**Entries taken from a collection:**
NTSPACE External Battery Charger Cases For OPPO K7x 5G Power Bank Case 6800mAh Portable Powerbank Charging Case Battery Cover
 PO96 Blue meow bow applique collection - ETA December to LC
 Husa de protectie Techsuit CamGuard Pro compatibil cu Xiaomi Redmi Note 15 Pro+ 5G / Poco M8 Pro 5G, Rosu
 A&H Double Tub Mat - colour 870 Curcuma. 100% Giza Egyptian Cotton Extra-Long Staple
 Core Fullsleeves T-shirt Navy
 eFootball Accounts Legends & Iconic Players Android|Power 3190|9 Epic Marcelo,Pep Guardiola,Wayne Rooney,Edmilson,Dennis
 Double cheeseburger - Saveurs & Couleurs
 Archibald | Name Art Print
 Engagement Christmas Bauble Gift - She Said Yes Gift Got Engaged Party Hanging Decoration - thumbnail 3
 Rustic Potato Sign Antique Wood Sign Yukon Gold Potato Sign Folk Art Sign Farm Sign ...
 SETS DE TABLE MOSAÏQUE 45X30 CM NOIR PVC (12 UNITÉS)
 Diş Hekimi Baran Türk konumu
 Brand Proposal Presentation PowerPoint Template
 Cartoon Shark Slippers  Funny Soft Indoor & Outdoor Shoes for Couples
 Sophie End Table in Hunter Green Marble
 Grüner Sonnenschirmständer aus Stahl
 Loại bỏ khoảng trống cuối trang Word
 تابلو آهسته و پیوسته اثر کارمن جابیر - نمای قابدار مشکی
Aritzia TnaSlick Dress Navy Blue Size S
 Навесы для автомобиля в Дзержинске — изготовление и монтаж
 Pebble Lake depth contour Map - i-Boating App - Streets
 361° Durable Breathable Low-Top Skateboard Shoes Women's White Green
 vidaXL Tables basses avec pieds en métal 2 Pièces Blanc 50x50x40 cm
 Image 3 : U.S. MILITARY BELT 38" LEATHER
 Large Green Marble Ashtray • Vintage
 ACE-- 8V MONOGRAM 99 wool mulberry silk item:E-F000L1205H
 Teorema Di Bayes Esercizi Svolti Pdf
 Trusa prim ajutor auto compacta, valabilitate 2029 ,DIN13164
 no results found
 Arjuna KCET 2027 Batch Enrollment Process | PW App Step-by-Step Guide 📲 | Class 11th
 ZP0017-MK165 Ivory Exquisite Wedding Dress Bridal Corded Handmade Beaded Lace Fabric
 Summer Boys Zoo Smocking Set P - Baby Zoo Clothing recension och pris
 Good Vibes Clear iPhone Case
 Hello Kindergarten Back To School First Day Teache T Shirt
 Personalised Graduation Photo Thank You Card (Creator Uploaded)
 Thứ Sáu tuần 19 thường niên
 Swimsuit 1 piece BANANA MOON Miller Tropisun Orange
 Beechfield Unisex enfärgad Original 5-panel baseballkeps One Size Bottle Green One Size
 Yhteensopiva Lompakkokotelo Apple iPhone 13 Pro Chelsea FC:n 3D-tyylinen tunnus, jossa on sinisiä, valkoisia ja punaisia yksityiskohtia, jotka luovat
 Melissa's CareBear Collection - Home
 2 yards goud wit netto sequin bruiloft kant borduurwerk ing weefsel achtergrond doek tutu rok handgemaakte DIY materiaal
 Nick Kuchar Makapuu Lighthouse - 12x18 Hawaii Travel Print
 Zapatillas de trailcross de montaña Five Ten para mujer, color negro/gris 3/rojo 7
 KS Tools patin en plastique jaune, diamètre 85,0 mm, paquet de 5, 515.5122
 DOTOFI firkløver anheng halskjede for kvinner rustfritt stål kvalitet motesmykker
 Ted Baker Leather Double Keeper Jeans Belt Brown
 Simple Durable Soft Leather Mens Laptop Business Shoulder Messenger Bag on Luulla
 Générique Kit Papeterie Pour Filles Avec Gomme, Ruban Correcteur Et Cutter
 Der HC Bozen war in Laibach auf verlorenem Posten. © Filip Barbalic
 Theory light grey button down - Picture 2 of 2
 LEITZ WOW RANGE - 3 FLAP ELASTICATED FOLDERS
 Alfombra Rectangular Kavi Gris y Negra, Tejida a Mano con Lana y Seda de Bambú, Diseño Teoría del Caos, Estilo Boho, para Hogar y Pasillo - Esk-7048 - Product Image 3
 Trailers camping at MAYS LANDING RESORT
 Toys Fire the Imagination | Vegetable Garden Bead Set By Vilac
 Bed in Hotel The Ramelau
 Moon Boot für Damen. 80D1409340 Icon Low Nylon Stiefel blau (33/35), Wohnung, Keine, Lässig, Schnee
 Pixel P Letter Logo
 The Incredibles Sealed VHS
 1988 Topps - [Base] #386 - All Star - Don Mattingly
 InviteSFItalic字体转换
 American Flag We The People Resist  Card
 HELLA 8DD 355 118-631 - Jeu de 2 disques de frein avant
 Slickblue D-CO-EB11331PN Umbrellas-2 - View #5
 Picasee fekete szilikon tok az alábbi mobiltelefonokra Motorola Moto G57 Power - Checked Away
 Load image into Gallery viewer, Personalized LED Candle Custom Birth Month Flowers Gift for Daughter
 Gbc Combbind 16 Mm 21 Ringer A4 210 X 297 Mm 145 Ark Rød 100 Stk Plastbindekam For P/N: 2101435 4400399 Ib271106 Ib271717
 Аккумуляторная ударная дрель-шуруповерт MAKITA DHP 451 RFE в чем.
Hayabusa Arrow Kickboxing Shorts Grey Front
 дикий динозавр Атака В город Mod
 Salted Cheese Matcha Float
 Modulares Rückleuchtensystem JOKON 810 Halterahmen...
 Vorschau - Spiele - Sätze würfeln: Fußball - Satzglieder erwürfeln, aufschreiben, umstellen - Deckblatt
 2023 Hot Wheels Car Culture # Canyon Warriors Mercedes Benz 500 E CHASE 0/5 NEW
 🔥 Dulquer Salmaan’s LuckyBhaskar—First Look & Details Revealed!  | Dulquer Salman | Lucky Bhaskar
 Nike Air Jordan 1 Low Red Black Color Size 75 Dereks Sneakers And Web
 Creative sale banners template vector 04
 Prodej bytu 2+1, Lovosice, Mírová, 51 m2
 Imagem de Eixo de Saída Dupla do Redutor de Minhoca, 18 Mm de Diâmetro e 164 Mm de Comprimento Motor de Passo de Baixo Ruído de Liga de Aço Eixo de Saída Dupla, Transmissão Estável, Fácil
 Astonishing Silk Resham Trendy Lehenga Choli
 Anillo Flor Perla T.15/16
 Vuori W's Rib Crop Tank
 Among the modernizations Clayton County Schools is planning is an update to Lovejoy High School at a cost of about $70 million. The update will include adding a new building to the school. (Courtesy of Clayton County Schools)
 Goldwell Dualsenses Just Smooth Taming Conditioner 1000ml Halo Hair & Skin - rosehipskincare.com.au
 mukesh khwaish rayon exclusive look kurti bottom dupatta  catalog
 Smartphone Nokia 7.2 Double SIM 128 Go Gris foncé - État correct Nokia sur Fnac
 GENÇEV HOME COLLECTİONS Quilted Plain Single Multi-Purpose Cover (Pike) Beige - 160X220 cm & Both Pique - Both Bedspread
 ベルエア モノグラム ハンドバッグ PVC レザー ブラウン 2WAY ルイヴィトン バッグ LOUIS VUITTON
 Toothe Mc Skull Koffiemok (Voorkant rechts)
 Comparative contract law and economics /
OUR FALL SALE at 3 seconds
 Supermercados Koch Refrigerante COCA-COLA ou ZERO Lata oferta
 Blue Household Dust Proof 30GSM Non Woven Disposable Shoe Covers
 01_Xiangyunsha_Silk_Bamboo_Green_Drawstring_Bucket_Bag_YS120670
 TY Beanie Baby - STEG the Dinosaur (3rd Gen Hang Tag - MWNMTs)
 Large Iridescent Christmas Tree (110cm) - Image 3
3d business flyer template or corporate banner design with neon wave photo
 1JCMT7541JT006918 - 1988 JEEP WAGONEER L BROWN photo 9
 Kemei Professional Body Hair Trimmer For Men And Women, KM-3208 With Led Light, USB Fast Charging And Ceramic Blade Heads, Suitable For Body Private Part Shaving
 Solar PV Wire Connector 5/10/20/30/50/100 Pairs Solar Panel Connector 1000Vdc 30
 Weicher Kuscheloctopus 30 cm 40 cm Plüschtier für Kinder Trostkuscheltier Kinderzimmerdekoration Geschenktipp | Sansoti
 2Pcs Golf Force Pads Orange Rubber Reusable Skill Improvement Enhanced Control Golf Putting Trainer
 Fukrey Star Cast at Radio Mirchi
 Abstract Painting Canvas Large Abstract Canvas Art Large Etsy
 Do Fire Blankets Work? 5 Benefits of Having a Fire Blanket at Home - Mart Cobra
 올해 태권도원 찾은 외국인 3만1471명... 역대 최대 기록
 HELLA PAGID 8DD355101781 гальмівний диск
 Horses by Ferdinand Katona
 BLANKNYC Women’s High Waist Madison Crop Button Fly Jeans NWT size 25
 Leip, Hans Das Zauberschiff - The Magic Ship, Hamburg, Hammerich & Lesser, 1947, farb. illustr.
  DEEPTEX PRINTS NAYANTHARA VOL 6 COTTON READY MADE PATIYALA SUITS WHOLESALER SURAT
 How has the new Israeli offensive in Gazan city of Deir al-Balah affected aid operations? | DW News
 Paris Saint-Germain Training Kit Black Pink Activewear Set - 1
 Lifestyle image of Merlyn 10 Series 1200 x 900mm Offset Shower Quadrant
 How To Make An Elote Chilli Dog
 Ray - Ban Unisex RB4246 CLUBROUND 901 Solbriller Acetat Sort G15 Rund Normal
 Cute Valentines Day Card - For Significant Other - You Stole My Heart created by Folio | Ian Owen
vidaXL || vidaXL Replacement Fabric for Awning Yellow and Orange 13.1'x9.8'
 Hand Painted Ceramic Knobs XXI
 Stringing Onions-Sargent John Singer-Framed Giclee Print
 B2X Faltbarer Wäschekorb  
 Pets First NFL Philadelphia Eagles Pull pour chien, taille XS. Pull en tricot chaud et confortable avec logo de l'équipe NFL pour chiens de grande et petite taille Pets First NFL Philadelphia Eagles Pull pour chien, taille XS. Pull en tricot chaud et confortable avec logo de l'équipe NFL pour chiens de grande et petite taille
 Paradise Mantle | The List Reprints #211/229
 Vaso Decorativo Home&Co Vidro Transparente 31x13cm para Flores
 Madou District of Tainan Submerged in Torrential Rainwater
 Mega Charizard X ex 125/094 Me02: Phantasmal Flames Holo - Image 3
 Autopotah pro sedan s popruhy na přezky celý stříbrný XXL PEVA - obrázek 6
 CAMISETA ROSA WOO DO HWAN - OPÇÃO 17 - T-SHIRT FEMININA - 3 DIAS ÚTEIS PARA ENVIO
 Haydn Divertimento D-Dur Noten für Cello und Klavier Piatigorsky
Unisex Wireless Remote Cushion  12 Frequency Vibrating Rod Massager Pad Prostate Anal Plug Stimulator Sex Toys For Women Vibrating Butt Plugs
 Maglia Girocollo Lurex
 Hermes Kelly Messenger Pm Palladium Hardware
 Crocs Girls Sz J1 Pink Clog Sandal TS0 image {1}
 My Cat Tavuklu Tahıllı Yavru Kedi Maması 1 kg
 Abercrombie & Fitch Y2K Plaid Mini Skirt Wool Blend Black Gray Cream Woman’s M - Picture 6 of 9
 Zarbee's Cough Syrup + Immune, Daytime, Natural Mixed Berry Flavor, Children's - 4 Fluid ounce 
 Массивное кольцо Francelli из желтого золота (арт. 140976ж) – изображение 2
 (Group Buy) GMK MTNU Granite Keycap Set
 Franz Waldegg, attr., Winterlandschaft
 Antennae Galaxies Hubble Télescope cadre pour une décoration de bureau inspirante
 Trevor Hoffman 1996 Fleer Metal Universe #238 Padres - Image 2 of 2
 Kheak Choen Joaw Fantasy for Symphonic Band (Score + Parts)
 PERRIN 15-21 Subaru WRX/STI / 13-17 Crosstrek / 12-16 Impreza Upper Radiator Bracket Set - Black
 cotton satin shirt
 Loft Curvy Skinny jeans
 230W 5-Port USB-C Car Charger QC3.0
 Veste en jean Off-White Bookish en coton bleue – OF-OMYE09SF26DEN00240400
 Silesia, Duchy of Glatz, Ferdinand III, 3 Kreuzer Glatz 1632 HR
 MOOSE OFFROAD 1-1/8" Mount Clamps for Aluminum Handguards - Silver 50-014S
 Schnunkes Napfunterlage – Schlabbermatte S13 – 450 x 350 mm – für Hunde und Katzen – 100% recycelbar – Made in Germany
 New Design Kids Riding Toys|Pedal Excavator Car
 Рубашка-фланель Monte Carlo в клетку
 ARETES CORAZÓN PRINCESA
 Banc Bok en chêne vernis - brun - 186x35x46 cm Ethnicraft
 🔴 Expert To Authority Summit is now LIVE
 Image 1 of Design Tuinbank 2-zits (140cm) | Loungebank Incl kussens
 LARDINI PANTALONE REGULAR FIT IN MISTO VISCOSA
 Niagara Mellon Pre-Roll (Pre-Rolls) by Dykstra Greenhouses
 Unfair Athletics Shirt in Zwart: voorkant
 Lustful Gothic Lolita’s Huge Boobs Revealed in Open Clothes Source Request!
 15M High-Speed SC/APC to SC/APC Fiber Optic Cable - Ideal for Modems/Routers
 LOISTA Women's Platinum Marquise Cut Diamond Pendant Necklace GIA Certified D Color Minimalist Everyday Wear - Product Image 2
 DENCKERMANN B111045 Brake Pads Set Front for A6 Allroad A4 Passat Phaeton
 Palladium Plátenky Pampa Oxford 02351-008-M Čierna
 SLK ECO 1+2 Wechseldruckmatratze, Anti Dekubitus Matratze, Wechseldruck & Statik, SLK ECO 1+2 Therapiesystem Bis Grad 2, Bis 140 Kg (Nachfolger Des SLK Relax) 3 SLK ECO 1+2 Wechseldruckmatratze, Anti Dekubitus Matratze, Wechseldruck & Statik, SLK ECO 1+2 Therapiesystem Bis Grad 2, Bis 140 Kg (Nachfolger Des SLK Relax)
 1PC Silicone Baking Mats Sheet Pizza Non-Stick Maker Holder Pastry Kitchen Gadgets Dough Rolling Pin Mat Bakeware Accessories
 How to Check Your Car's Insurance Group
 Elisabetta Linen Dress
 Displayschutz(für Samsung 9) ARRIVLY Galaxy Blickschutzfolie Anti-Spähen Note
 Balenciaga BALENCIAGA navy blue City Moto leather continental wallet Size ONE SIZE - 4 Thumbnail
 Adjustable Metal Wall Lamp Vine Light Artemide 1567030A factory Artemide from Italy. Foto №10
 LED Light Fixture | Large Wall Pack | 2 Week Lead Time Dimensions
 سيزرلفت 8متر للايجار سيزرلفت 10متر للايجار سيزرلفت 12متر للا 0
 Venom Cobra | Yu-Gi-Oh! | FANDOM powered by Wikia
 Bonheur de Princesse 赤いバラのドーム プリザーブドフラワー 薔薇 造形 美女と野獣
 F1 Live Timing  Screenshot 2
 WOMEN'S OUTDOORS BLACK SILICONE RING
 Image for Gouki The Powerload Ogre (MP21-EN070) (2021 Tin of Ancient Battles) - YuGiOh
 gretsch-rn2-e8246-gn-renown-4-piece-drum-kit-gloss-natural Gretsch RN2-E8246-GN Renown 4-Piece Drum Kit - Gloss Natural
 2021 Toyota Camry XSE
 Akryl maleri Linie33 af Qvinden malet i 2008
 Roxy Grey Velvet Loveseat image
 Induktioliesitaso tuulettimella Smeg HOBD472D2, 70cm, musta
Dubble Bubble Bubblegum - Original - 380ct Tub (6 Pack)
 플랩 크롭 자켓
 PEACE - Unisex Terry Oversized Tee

**Exercise requirements:**
The answer should be an exact copy of the lines from the first line of the data through the line with "Brand Proposal Presentation" and should contain nothing else.

**Written response:**
NTSPACE External Battery Charger Cases For OPPO K7x 5G Power Bank Case 6800mAh Portable Powerbank Charging Case Battery Cover
 PO96 Blue meow bow applique collection - ETA December to LC
 Husa de protectie Techsuit CamGuard Pro compatibil cu Xiaomi Redmi Note 15 Pro+ 5G / Poco M8 Pro 5G, Rosu
 A&H Double Tub Mat - colour 870 Curcuma. 100% Giza Egyptian Cotton Extra-Long Staple
 Core Fullsleeves T-shirt Navy
 eFootball Accounts Legends & Iconic Players Android|Power 3190|9 Epic Marcelo,Pep Guardiola,Wayne Rooney,Edmilson,Dennis
 Double cheeseburger - Saveurs & Couleurs
 Archibald | Name Art Print
 Engagement Christmas Bauble Gift - She Said Yes Gift Got Engaged Party Hanging Decoration - thumbnail 3
 Rustic Potato Sign Antique Wood Sign Yukon Gold Potato Sign Folk Art Sign Farm Sign ...
 SETS DE TABLE MOSAÏQUE 45X30 CM NOIR PVC (12 UNITÉS)
 Diş Hekimi Baran Türk konumu
 Brand Proposal Presentation PowerPoint Template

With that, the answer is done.